Exaphis / HackQ-Trivia

Yet another HQ Trivia bot. Automatically scrapes HQ Trivia questions without OCR and answers them.
MIT License
89 stars 54 forks source link

NN parse error #109

Closed talentoscope closed 6 years ago

talentoscope commented 6 years ago

The search.py class find_nouns appears to be slightly broken. NN and NNP tags are found, but not all are included, and I'm not quite sure why that is.

Example question:

Barney Stinson is a character from which TV show?
['Arrow', 'Community', 'How I Met Your Mother']

Searching
['Arrow', 'Community', 'How I Met Your Mother']
['barney', 'stinson', 'character', 'tv', 'show']
['https://en.wikipedia.org/wiki/Barney_Stinson', 'https://en.wikipedia.org/wiki/How_I_Met_Your_Mother', 'https://coreydemoss.wordpress.com/2011/03/24/tvs-top-10-characters-no-5-barney-stinson/', 'https://www.quora.com/How-I-Met-Your-Mother-TV-series-Is-there-a-character-like-Barney-Stinson-for-real', 'https://www.imdb.com/title/tt0460649/']
Running method 1
{'arrow': 0, 'community': 5, 'how i met your mother': 0}
community

[('Barney', 'NNP'), ('Stinson', 'NNP'), ('is', 'VBZ'), ('a', 'DT'), ('character', 'NN'), ('from', 'IN'), ('which', 'WDT'), ('TV', 'NN'), ('show', 'NN'), ('?', '.')]
Question nouns: ['character', 'barney stinson']
Running method 3
Search processed
URLs fetched

Arrow: {'character': 46, 'barney stinson': 0}
Community: {'character': 14, 'barney stinson': 0}
How I Met Your Mother: {'character': 7, 'barney stinson': 14}

Keyword scores: {'Arrow': 302, 'Community': 166, 'How I Met Your Mother': 247}
Noun scores: {'Arrow': 46, 'Community': 14, 'How I Met Your Mother': 21}
Arrow
Search took 6.013584613800049 seconds

Here, "TV show" should be another instance in the list of question_key_nouns, as there are two consecutive NN tags, but it isn't.
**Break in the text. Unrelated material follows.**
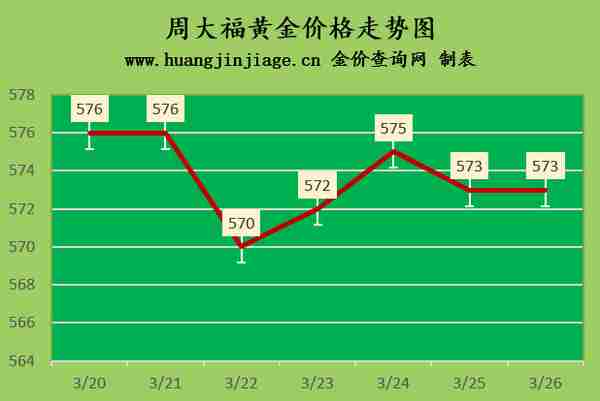 2023年3月26日黄金价格今日多少钱一克及黄金回收价格查询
NNS tags should probably be included too I think, or really NN* since there are 4 POS tags for nouns, unless this elif:

elif "NN" in tag_type or "NNP" in tag_type:

includes them already.

Exaphis commented 6 years ago

It didn't include TV show because it includes a certain number of nouns on the opposite side of the question word. Don't know how method 1 failed to detect "how i met your mother" because it worked on my machine. For method 3, you would have to determine yourself that "barney stinson" is the more important noun.

You might not have the most updated repository, because that line of code does not exist anymore. "NN" in tag_type detects all types of nouns.